ベトナムのフルーツはどれも美味しく、 ngon quá(美味しい)という言葉もすぐに覚えました。bưởiとổiの発音は全然できなくてとにかく何度も言わされたので 、カンボジアにもあるこれらのフルーツを見ると今でもベトナム語の方を思い出します。

知らない近所の人が食材を借りに来た

家にいたときに、いつものように鉄格子扉だけして玄関を開けていると、トントンと鉄格子を叩く音がして外に知らない女性が立っていました。上下パジャマです(ベトナムでは上下柄のパジャマみたいなのを普通に着ている)
そして、何か言っています。知らない人だし、来る家を間違えたのないかと、 Tôi không biết(わかりません)を何度も言いました。

でも彼女は引き下がりません。ớtが欲しい、持っていないかと言います。ớt、聞いたことがある…めちゃくちゃ難しい発音なので、家庭教師の先生に何度も直された単語…そう、唐辛子🌶でした!!

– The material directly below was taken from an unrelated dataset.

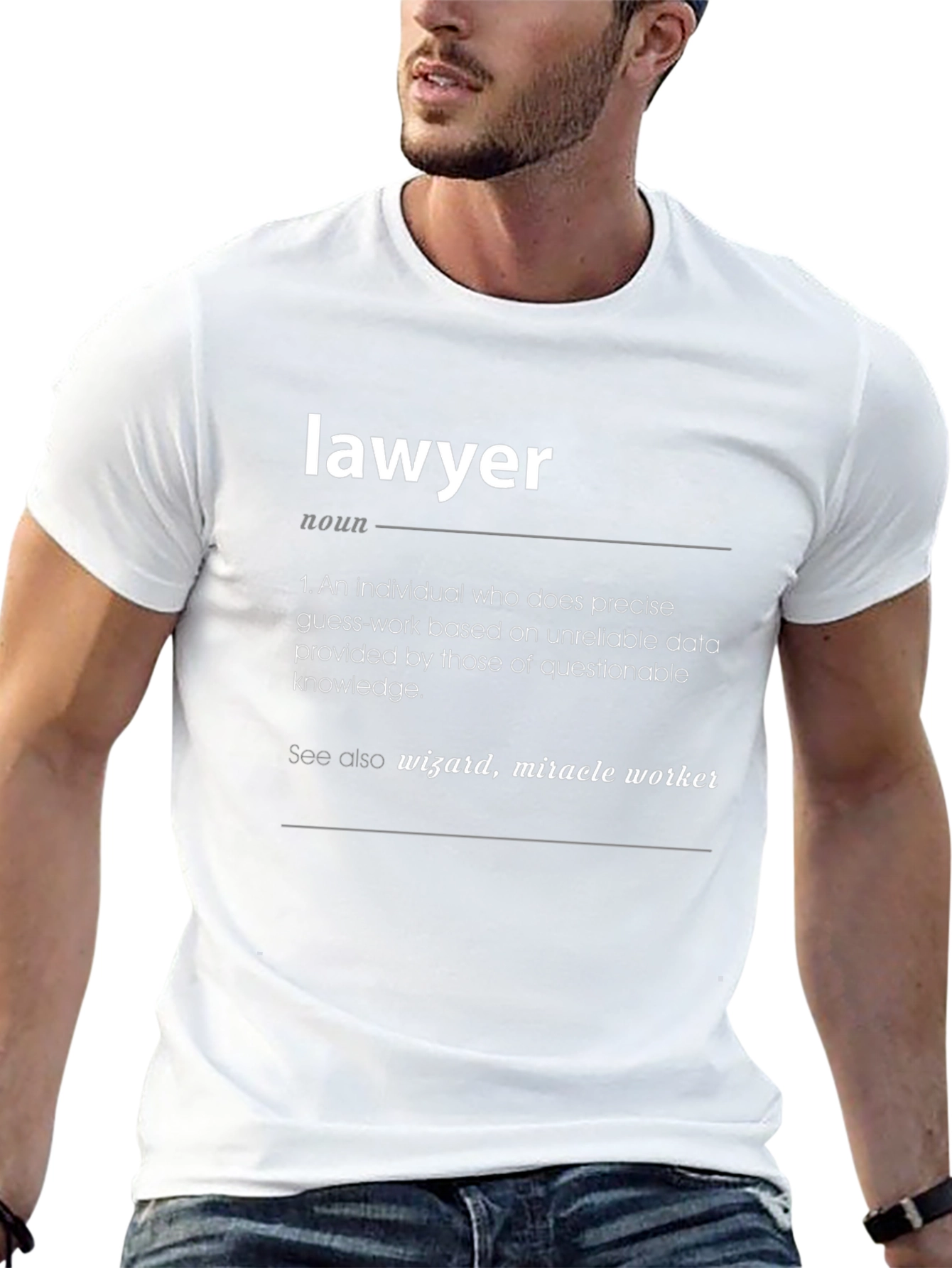 Black Lawyer Definition Black T-Shirt view 13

これは昭和生まれの私でも話に聞いたことがあるだけの「醤油貸して」ではないか、とちょっと感動しました。彼女は私のことを知っている人でも知らない人でも外国人でも、近所の人だから聞いてみただけだったのです。

知らない子供が家に入ってくるし、息子も他の家で夕食を食べていた

そうしてベトナムのローカル生活に慣れてくると、放課後はみんな同じ階の子が廊下で遊んでいるのに気づき、そこに息子を出してみました。家で私と二人でつまらなくて騒ぎ出したりいたずらばかりするよりずっといいです。廊下では子供たちが車のおもちゃに乗って端から端までレース、おままごとするグループもいたり、お母さん同士がおしゃべりしたり、誰かしらが軽く子供たちのことを見守っています。

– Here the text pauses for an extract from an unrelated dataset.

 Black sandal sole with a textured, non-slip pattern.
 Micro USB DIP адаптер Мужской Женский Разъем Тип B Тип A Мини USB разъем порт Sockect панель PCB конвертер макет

ここで、「外国でワンオペ」と思っていた子育てが急に楽になってきました。近所の子も家に入ってくるし、一緒におやつを食べたり、日本のおもちゃに興味を持ってくれたり。ちょっと買い物行ってきますと近所の人に言えば、誰かが子供をみていてくれます。そうこうしているうちに、隣に住んでいたママが英語が堪能なことも知り、生活のことをいろいろ教えてくれました。また隣の女の子Aちゃんが息子と生年月日が一日違いという奇跡に気づき、一緒にお祝いしたりしました。

気が付くと息子も他の家でご飯をご馳走になったり、隣のAちゃん一家に「美味しいフォー屋さんがあるから○○(息子)も一緒に連れて行ってあげる」と夕食に連れて行ってもらうようになりました。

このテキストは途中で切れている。